Outras medidas passam fomentar a digitalização do sistema energético através do desenvolvimento de redes eléctricas inteligentes, “bem como contadores de última geração, com capacidade de sensorização e comunicação, que suportem a evolução da produção descentralizada, da microprodução, dos dispositivos de armazenamento de energia e do carregamento de veículos elétricos”. É também proposta a criação de um “Superfundo para a Transição Energética, agregando os actuais fundos da área da energia e outros mecanismos de financiamento”.

No que toca à aposta na eficiência energética, o documento refere diversas medidas, como lançar “um programa de abate de electrodomésticos e outros equipamentos electrónicos com classificação energética igual ou inferior a B, com incentivos à sua substituição por modelos mais eficientes; […] desenvolver uma estratégia de longo prazo para a renovação de edifícios e para os edifícios de zero emissões; prosseguir com o princípio ‘reabilitar como regra’, elevando os parâmetros de eficiência do edificado e reforçando a óptica da sustentabilidade assente na eficiência de recursos (eficiência hídrica, energética e de materiais), designadamente por via da utilização de certos materiais, das soluções térmicas e de isolamento adoptadas e da instalação de equipamentos de poupança e/ou produção eficiente de energia”.

Ainda no âmbito da eficiência energética, é também proposto o desenvolvimento do “Programa Solar em Edifícios, visando aproveitar o espaço disponível em coberturas com boa exposição solar para autoconsumo e produção descentralizada de energia, incluindo em edifícios públicos”, assim como o incentivo à “instalação de fachadas e coberturas verdes como forma de promoção de eficiência energética, gestão de água, e qualidade do ar em estruturas/edifícios”, além de “apostar na reconversão da iluminação pública para soluções mais eficientes (por ex., LED) e, se possível, que permitam a instalação de outros serviços (por ex., carregamento de veículos), em parceria com os municípios”.

A descarbonização da indústria é outro ponto focado neste programa, que considera esta acção “fundamental para garantir a sua competitividade e o seu posicionamento estratégico nas exportações”. Como tal, propõe-se a “fomentar a adopção de fontes renováveis na indústria, designadamente através da instalação de centros electroprodutores renováveis em espaços industriais; criar um sistema de incentivos para a eficiência energética, baseado no desempenho e que não promova o uso de combustíveis fósseis” e “assegurar uma exploração sustentável das reservas de lítio existentes no nosso país, desenvolvendo um cluster em torno deste recurso, que permita dar passos relevantes na escala de transformação, ultrapassando a mera extração e investindo em atividades de maior valor acrescentado no âmbito da indústria de baterias”, entre outras medidas.

O Governo propõe-se também a adoptar uma “fiscalidade verde, com neutralidade em termos de receita, isto é, sem implicar um aumento global do esforço fiscal”. Nesse âmbito, pretende continuar a eliminar o que chama de “subsídios prejudiciais ao ambiente”, como as isenções e benefícios fiscais associados aos combustíveis fósseis.
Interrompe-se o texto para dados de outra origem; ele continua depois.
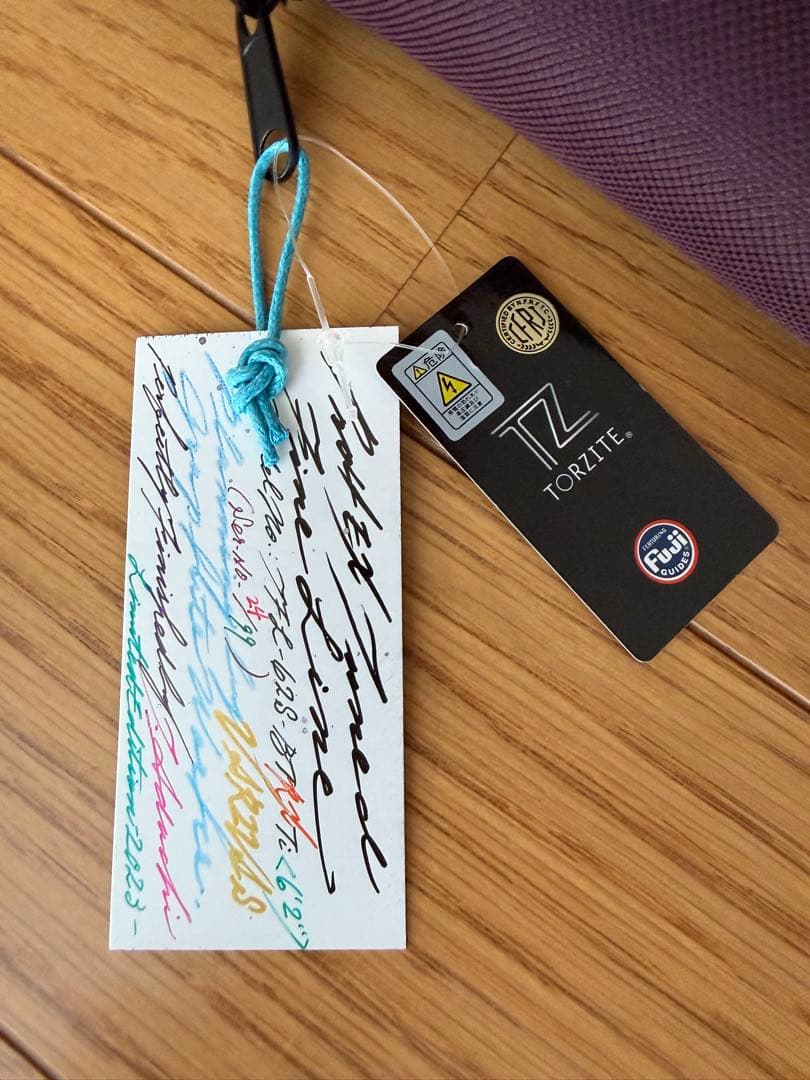 Pro4EXチューンドファインラインTFL改　TFL-62S-BTRXTi【改】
É também proposto o estabelecimento de incentivos para a eficiência energética, em particular nos edifícios de habitação.

No que toca à mobilidade eléctrica, mantêm-se as medidas já tomadas, com os benefícios fiscais para os veículos eléctricos, assim como um reforço e expansão da sua rede pública de carregamento. Na mobilidade urbana, pretende-se que seja mais eficiente, sustentável e integrada, com uma “aposta no transporte público e na sua intermodalidade com a bicicleta”.

Este Programa do Governo deverá ser debatido durante esta semana e não está prevista nenhuma votação contra o documento por parte dos partidos com assento parlamentar.